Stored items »
·····
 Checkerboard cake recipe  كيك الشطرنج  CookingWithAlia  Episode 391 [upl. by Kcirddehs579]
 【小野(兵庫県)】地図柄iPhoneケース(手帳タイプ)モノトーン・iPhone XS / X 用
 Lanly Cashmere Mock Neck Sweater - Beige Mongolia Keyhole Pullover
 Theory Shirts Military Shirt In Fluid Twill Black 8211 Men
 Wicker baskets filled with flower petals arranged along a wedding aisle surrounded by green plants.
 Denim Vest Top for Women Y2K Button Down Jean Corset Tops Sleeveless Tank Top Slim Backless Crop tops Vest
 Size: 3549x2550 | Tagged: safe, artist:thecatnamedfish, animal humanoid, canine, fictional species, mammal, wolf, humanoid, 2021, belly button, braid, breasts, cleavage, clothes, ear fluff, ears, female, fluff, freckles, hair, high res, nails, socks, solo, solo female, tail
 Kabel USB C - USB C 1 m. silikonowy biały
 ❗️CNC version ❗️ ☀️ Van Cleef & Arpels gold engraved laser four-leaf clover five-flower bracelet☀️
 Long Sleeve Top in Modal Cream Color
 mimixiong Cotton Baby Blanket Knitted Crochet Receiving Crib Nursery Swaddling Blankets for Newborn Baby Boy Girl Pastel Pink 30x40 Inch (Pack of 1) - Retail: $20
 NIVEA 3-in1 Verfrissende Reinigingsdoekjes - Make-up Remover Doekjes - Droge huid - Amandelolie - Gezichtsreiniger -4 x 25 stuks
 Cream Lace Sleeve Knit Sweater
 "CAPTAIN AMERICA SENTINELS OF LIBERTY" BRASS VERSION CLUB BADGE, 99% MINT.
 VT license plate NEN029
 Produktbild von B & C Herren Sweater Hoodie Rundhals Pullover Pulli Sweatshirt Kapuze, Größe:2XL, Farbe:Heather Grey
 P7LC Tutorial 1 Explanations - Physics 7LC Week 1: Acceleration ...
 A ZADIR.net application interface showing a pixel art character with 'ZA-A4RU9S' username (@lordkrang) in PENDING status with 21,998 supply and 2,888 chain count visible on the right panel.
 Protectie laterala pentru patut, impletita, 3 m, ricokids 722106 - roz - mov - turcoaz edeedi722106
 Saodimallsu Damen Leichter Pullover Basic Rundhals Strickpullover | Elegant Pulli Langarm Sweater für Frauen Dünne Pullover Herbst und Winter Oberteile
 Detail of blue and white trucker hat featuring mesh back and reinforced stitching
·····
Work required »
The records above must be restated. Preserve every word.

Answer to this problem »
 Checkerboard cake recipe  كيك الشطرنج  CookingWithAlia  Episode 391 [upl. by Kcirddehs579]
 【小野(兵庫県)】地図柄iPhoneケース(手帳タイプ)モノトーン・iPhone XS / X 用
 Lanly Cashmere Mock Neck Sweater - Beige Mongolia Keyhole Pullover
 Theory Shirts Military Shirt In Fluid Twill Black 8211 Men
 Wicker baskets filled with flower petals arranged along a wedding aisle surrounded by green plants.
 Denim Vest Top for Women Y2K Button Down Jean Corset Tops Sleeveless Tank Top Slim Backless Crop tops Vest
 Size: 3549x2550 | Tagged: safe, artist:thecatnamedfish, animal humanoid, canine, fictional species, mammal, wolf, humanoid, 2021, belly button, braid, breasts, cleavage, clothes, ear fluff, ears, female, fluff, freckles, hair, high res, nails, socks, solo, solo female, tail
 Kabel USB C - USB C 1 m. silikonowy biały
 ❗️CNC version ❗️ ☀️ Van Cleef & Arpels gold engraved laser four-leaf clover five-flower bracelet☀️
 Long Sleeve Top in Modal Cream Color
 mimixiong Cotton Baby Blanket Knitted Crochet Receiving Crib Nursery Swaddling Blankets for Newborn Baby Boy Girl Pastel Pink 30x40 Inch (Pack of 1) - Retail: $20
 NIVEA 3-in1 Verfrissende Reinigingsdoekjes - Make-up Remover Doekjes - Droge huid - Amandelolie - Gezichtsreiniger -4 x 25 stuks
 Cream Lace Sleeve Knit Sweater
 "CAPTAIN AMERICA SENTINELS OF LIBERTY" BRASS VERSION CLUB BADGE, 99% MINT.
 VT license plate NEN029
 Produktbild von B & C Herren Sweater Hoodie Rundhals Pullover Pulli Sweatshirt Kapuze, Größe:2XL, Farbe:Heather Grey
 P7LC Tutorial 1 Explanations - Physics 7LC Week 1: Acceleration ...
 A ZADIR.net application interface showing a pixel art character with 'ZA-A4RU9S' username (@lordkrang) in PENDING status with 21,998 supply and 2,888 chain count visible on the right panel.
 Protectie laterala pentru patut, impletita, 3 m, ricokids 722106 - roz - mov - turcoaz edeedi722106
 Saodimallsu Damen Leichter Pullover Basic Rundhals Strickpullover | Elegant Pulli Langarm Sweater für Frauen Dünne Pullover Herbst und Winter Oberteile
 Detail of blue and white trucker hat featuring mesh back and reinforced stitching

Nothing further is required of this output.